The Lone Ranger Review



            With months of bad buzz and the numerous stories of production troubles, it was difficult to really get excited for The Lone Ranger.  Yet if you looked hard enough you could find glimmers of hope.  The cast included good actors in Armie Hammer, William Fichtner, Tom Wilkinson, Barry Pepper, Ruth Wilson and James Badge Dale.  Johnny Depp and Helen Bonham Carter, despite their very poor role choices as of late, are overdue for something good, and we just witnessed a film with similar bad buzz (World War Z) turn out to be pretty damn good.  However, the biggest hope this film had was its director Gore Verbinski.  For some reason it seems like Verbinski just gets ignored as if he is a crappy director that the studio throws onto a project for a cheap price.  Yet that could be further from the truth.  Verbinski knows how to direct action set pieces, and despite the amount of jokes we may tell nowadays about the Pirates of the Caribbeanseries, the first two films (both directed by Verbinski) are blockbuster filmmaking at its finest.  So with low expectations this film couldn’t possibly go wrong.  Yet it did.  The Lone Ranger is an overlong mess where Verbinski’s direction doesn’t get to shine through until the two-hour mark.

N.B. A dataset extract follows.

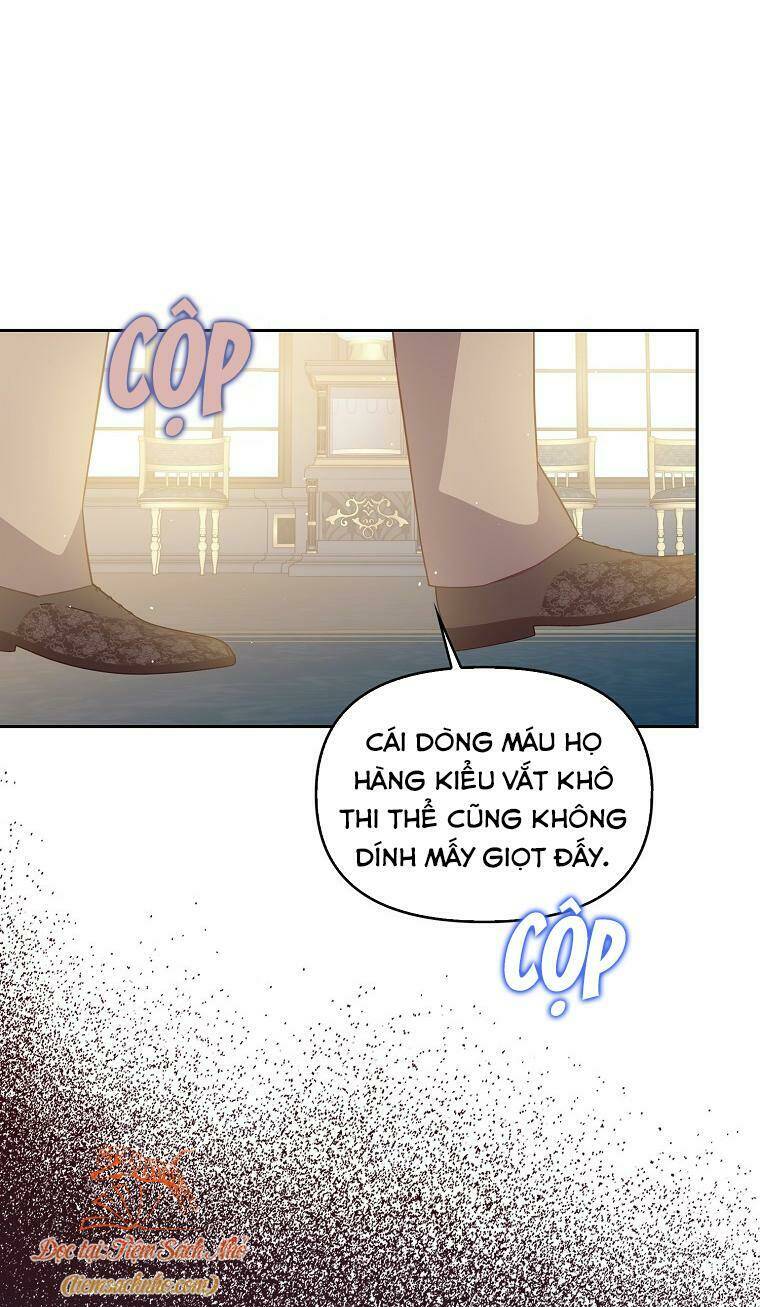 Cô Em Gái Quý Giá Của Nhân Vật Phản Diện: Chapter 80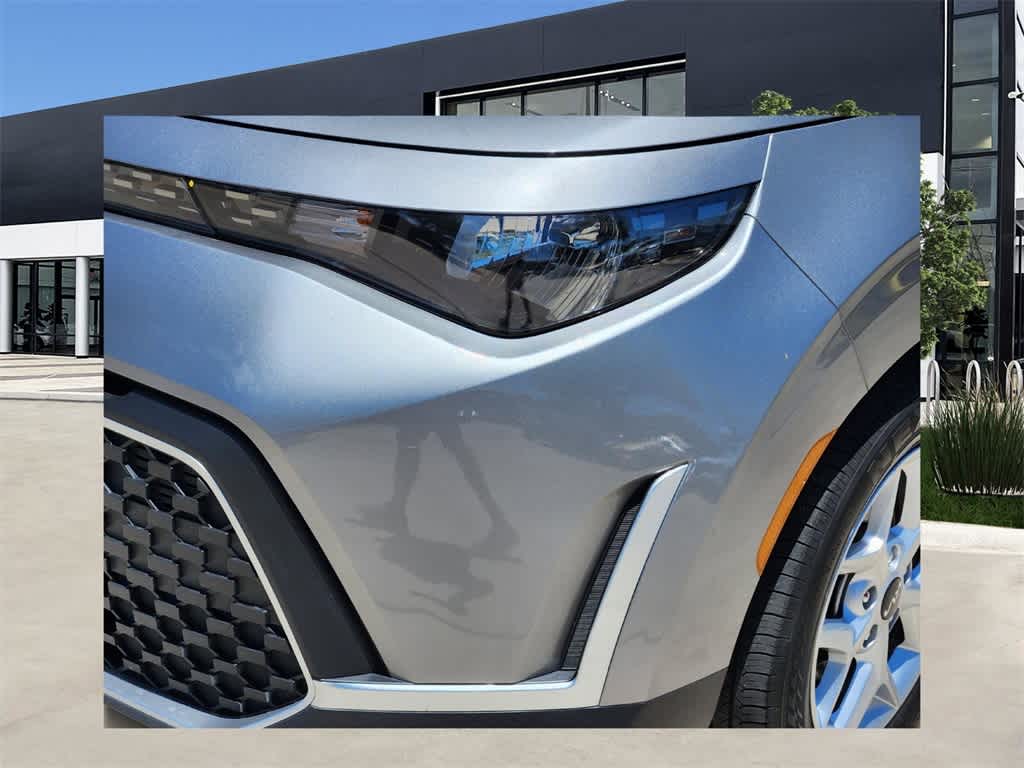 Thumbnail: 2024 Kia Soul - 6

            The Lone Ranger follows John Reid (Armie Hammer) as he travels to the West in order to see a ruthless outlaw (William FIchtner) be hanged as well as reunite with his brother (James Bade Dale) and his sister-in-law (Ruth Wilson), who he may have feelings for.  However, when the outlaw’s gang frees him on the day of his execution, John Reid travels with his brother to recapture him.  This sets in motion a chain of events that leads to John donning the mask and becoming the Lone Ranger.  The film is directed by Gore Verbinski and is written by Justin Haythe, Ted Elliott and Terry Rossio.

            Something goes horribly wrong for the first two hours of this film.  The script is bad, but there were enough bits that Gore Verbinski should have been able to salvage something out of it.  Yet there is just nothing worth remembering on the screen for those first two hours where we cut back and forth between the late 1800s and the 1930s for no reason at all and we get violence in a similar manner to that of Man of Steel (where massacres of entire races are displayed as just your typical entertaining fight scene).  However, when the movie seems completely lost and headed for the worst of 2013 list, Verbinski is able to pull off one of the best action set pieces of the year in any film.

            The cast of this film is pretty much wasted.  Ruth Wilson and James Badge Dale deserved more screentime, while Johnny Depp gets way too much screentime in one of his worst performances yet as Tonto.  Armie Hammer unfortunately doesn’t get much to grab onto as the lead, but he is charismatic enough to survive the film.  Best in show might be Barry Pepper though as he tries his best at doing a crazy interpretation of George Armstrong Custer.

            One good action sequence is not enough to save an overstuffed and overlong The Lone Ranger.